Archive for September, 2012

Update to 9/27 post.Microsoft’s Margo Day selected as Geek Wire’s Geek of the Week

http://www.geekwire.com/2012/geek-week-microsoft-education-exec-margo-day-impact-kenya/

If you could take a year off of work how would you change the world?

Margo Day

Margo Day just spent the last year of her life answering that question. The Microsoft VP used a year-long sabbatical that just ended to empower 17,000 girls in rural Kenya to stay in school and avoid the all-too-common cultural practice of early marriage.

Early and or forced marriage and female genital mutilation are still widely practiced in rural Kenya. However, Day is helping to turn the tide. The World Vision Kenya Child Protection and Education Program is focused on accelerating that change.

Access to education is fundamental.

Day took a whole year off work as a high-powered tech VP in order to slow down and help girls living in extreme poverty in a remote region of rural Kenya. She’s just returned from another trip to Africa, her fourth.

Margo Day’s Tips: How to Make a Difference

1. Work with an experienced organization with sustainability at its core.

2. Concentrate your efforts on just one thing.

3. Show others what you’re doing.
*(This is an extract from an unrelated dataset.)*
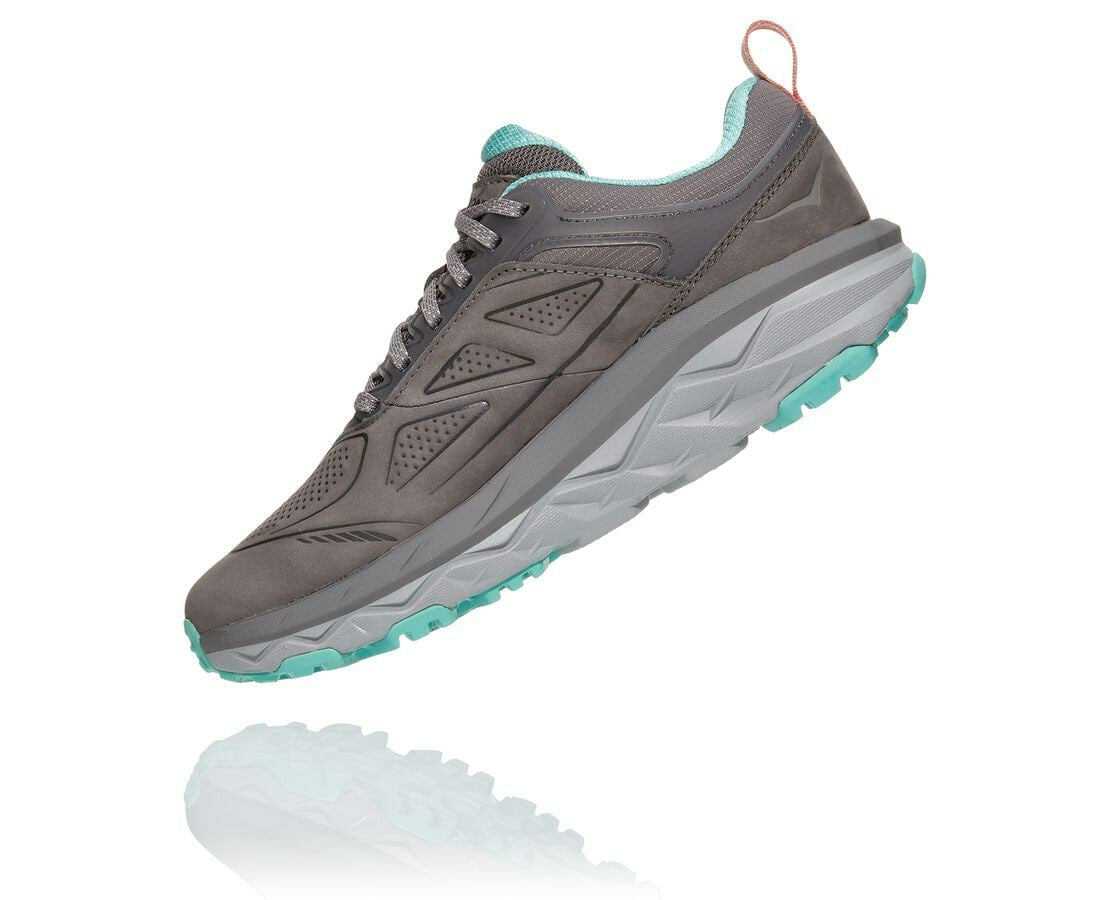 Women's Challenger Low GORE-TEX - Charcoal Gray / Wild Dove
They want to have that same kind of impact that you have.

4. Listen to God because he’ll tell you when what you have is enough.

The total project budget for the Kenya Child Protection Program is $4.8 million. To date, Day has contributed $150,000 towards the first project, St. Elizabeth Girls Secondary School, which had a total budget of half a million dollars. In addition, she’s now made a commitment to give another $500,000 over the next 3 years towards the Kenya Child Protection and Education Program, for a total of $650,000.
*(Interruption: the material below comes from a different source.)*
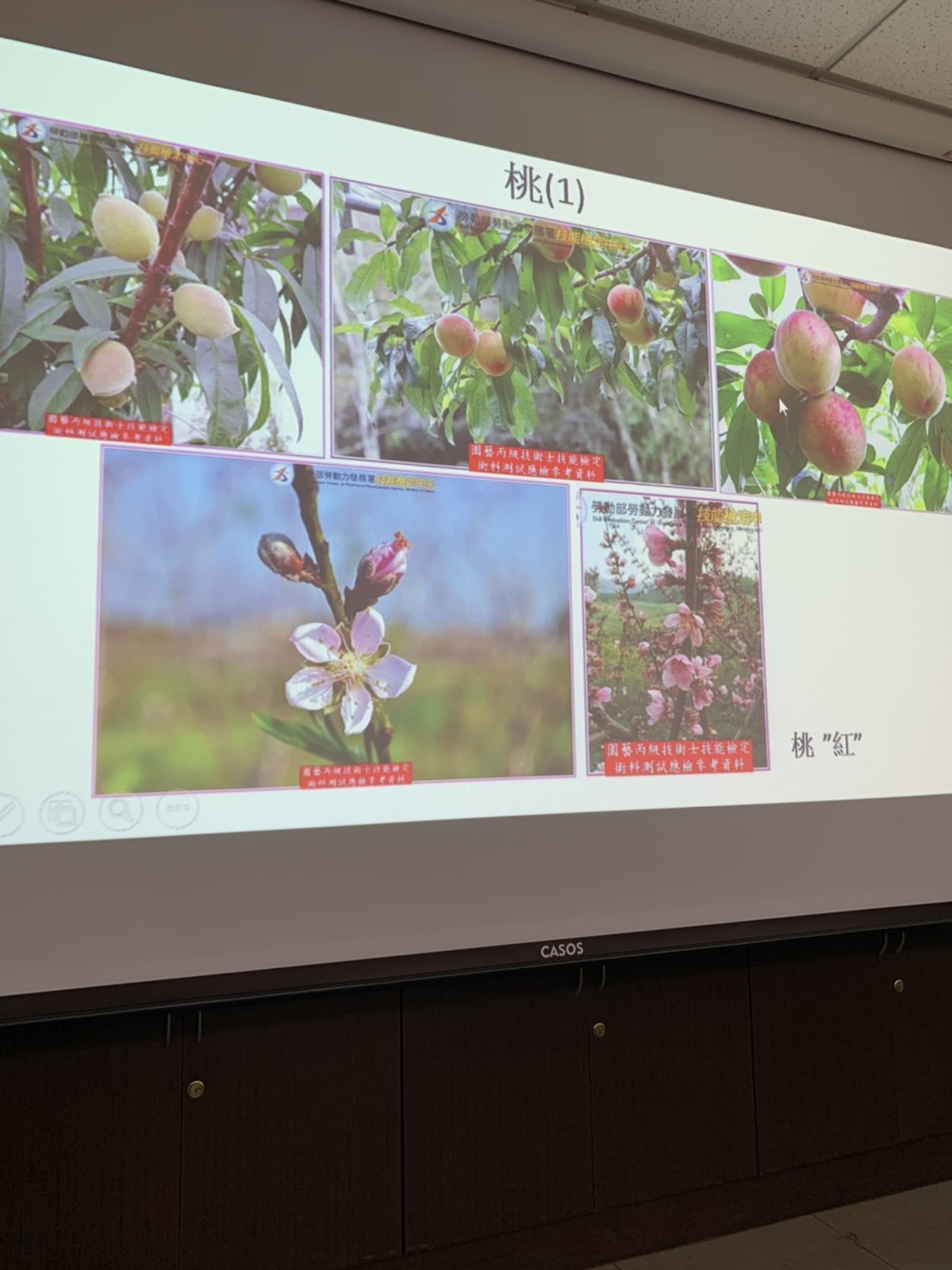 園藝技術果樹類術科資訊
http://en.gravatar.com/margoday

Margo is partnering with World Vision to address issues related to girls’ education and child protection, recently completing construction of the St. Elizabeth’s Secondary School for Girls in West Pokot, Kenya.
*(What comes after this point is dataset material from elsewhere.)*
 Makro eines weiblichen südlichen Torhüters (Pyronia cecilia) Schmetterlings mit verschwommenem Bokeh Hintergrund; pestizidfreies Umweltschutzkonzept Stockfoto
Sook Integrated Program Area:  Education improvements from 2009 to today:  Margo Day says a lot has been accomplished to form a good foundation for the work now of the Kenya Child Protection and Education Program.  Here are some education statistics from 2009 to today:

  •       17.6% increase in child enrollment in school.
  •       Number of Early Childhood Development centers:  from 39 to 53
  •       Number of Primary Schools:  from 34 to 49
  •       Academic performance increase in primary schools:   9% increase

She’s been honored for her work on behalf of women at Microsoft, earning its 2006 Most Inspirational Woman award. She lives in the Seattle, area and loves being outdoors. She enjoys backpacking, boating, cycling, scuba diving, skiing, golf, adventure travel and, when it’s rainy outside, attending concerts and theater in addition to enjoying a great glass of wine.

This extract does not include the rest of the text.